Bijal Shah has made it her mission, however, to help the poor “upscale upcycling” by creating stunning dresses from used saris and donating the proceeds to India’s poor, working people. Shah promotes her clothing and jewelry line called Lallitara at Sikara & Co, a store located on Newbury Street in Boston, M.A.
Upcycling refers to the practice of converting waste materials into new, better quality materials and products in order to reduce environmental waste and conserve resources.
Shah started out her career, however, as a corporate strategist, graduating with a chemical engineering degree from University of Pennsylvania and an MBA from M.I.T. So how did she end up selling $78 upcycled dresses for charity in a boutique store in Boston?
Shah explains that, at age 25, she had a sudden change of heart, and realized that she wanted to leave the corporate world behind and start making a difference in the world. So, she packed up, moved to India, and started working to help the poor slum population gain access to electricity.

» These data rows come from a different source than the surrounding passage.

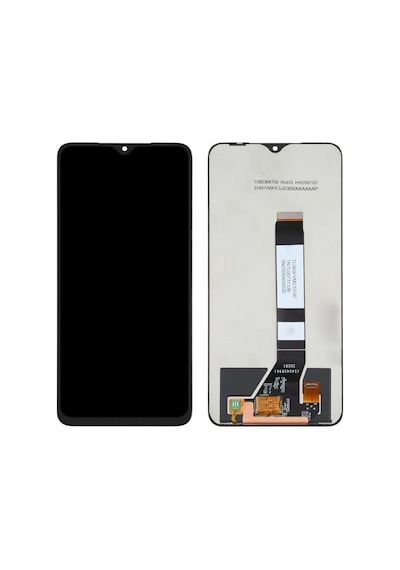 Redmi 9t Lcd Siyah Uyumlu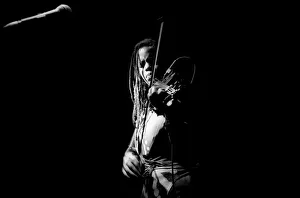 Regina Carter, Ronnie Scotts, Soho, London, October, 2000. Artist: Brian O Connor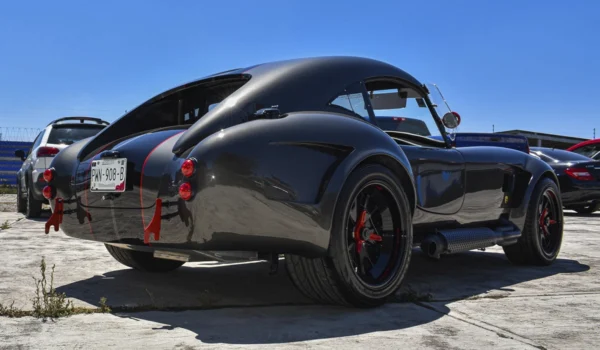 2018 Mustang Shelby Cobra Coyote GT-500 - Image 4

After joining a sewing class to feel more connected with the women she was working with, Shah was introduced to the Indian second hand clothing market. After a sari she had sewed into a dress her Indian sewing class received numerous compliments from her American friends, Shah realized that she might have come up with a new idea to get Americans involved in alleviating global poverty.
Now, Lallitara is a thriving line that has expanded to include tank tops, shorts, and wristlets, with a clutch and long sleeve wrap dress in the works for the coming season.

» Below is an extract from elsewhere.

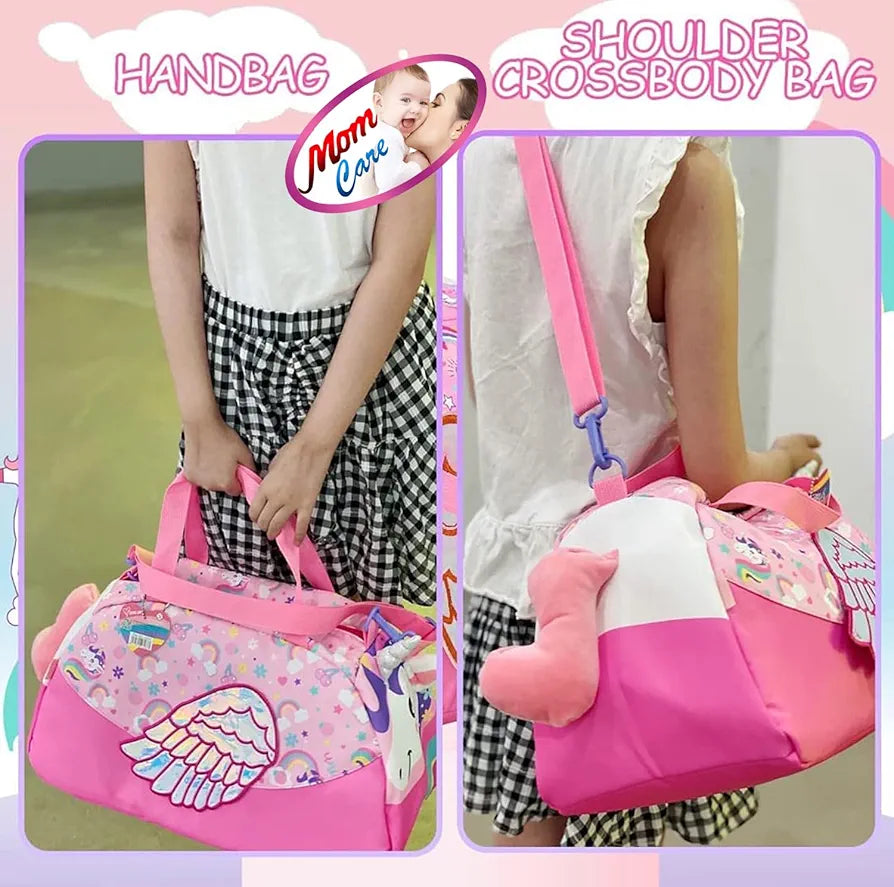 Kids Travel Bag – Weekende bag | Spacious & Durable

Though Shah must keep looking forward with improving and revamping her line, her true passion lies in the social component of her fashion business. By buying the used saris directly from India at nearly three times their value and returning the line’s proceeds directly to the Indian workers, Shah is always looking for new, better ways she can help.
Shah’s innovation and drive to help the poor shows that channeling favorite American pastime – shopping – towards a good cause can be an easy, productive way to help those in need around the world.